If you work with data, you've almost certainly worked with Parquet files. It's the go-to columnar format for analytics, a massive leap forward from human-readable but machine-unfriendly formats like CSV. But as powerful as Parquet is as a file format, it's not a complete solution for managing data tables.

As our data pipelines grow more complex, the limitations of a folder full of Parquet files become painfully obvious. In a recent episode of "Quack and Code," I sat down with Holly Smith, a Developer Advocate at Databricks, to discuss the evolution beyond plain Parquet files and how the Delta Lake table format, combined with DuckDB and MotherDuck, solves these modern data challenges.

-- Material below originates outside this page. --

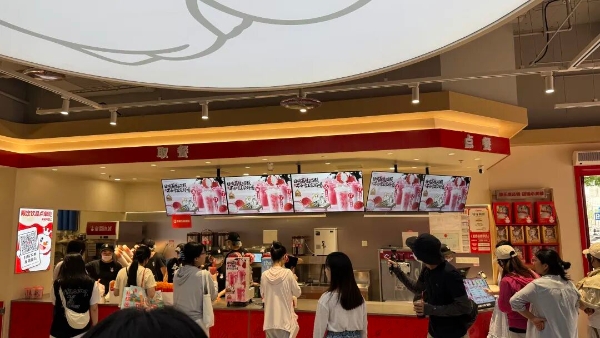 全球最大蜜雪冰城旗舰店开业，我们去现场看了看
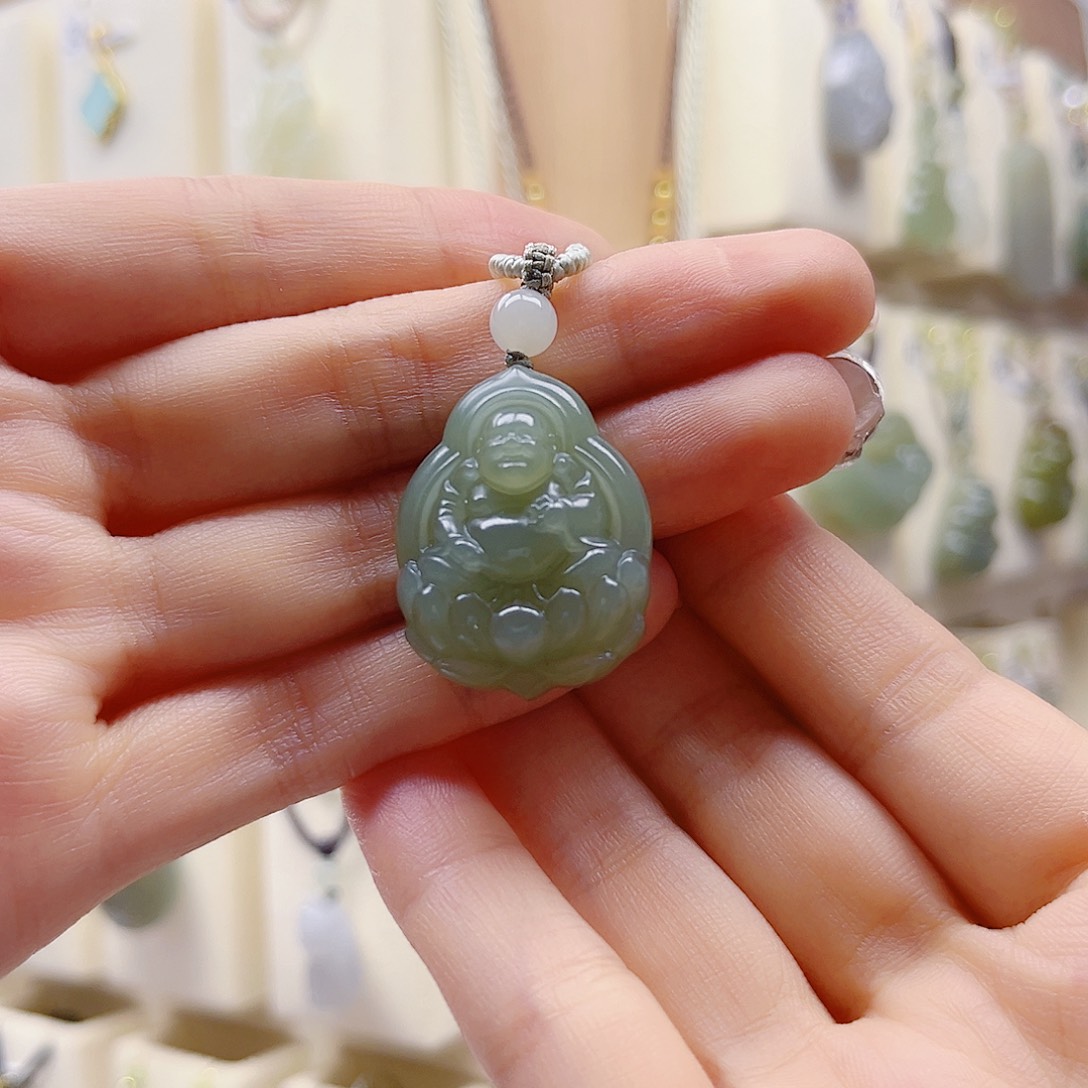 蜡***芯和田玉未镶嵌吊坠(赠链)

Holly shared a relatable journey: "Back when I was a data scientist, I'd grab things from somewhere like Teradata. And I'd never think about a table being a file format... It's just kind of like SELECT * FROM table and then it works."

TL;DR

  • The Problem: Using folders of Parquet files as tables leads to schema enforcement issues, inefficient updates/deletes, and the "small file problem."
  • The Solution: Delta Lake adds a transaction log (_delta_log) on top of Parquet files to provide ACID guarantees, solving these reliability issues.
  • How to Query: DuckDB's delta extension makes it easy to query Delta Lake tables locally or on S3 using a simple delta_scan() function.
  • Performance Boost: For cloud data, use MotherDuck to run queries in the same region as your S3 data, drastically reducing latency by transferring only the final results, not the raw data.

We'll start with the pain points of plain Parquet, see how Delta Lake addresses them, and then get hands-on with querying Delta tables using DuckDB and MotherDuck.

The Pain Points of Using Plain Parquet as a Table

Parquet is an excellent building block, but when you treat a directory of Parquet files as a single table, you invite problems that can break pipelines and cause massive headaches.

The Challenge of Schema Enforcement

A common issue with systems that use schema-on-read is that a single rogue Parquet file can break an entire query. As Holly explained, with plain Parquet, you could define a column as an integer but then write a string into it in a new file, and nothing would stop you.

If one file has a slightly different or incompatible schema, your query fails. Finding and fixing that one problematic file in a table composed of thousands requires tedious, manual work.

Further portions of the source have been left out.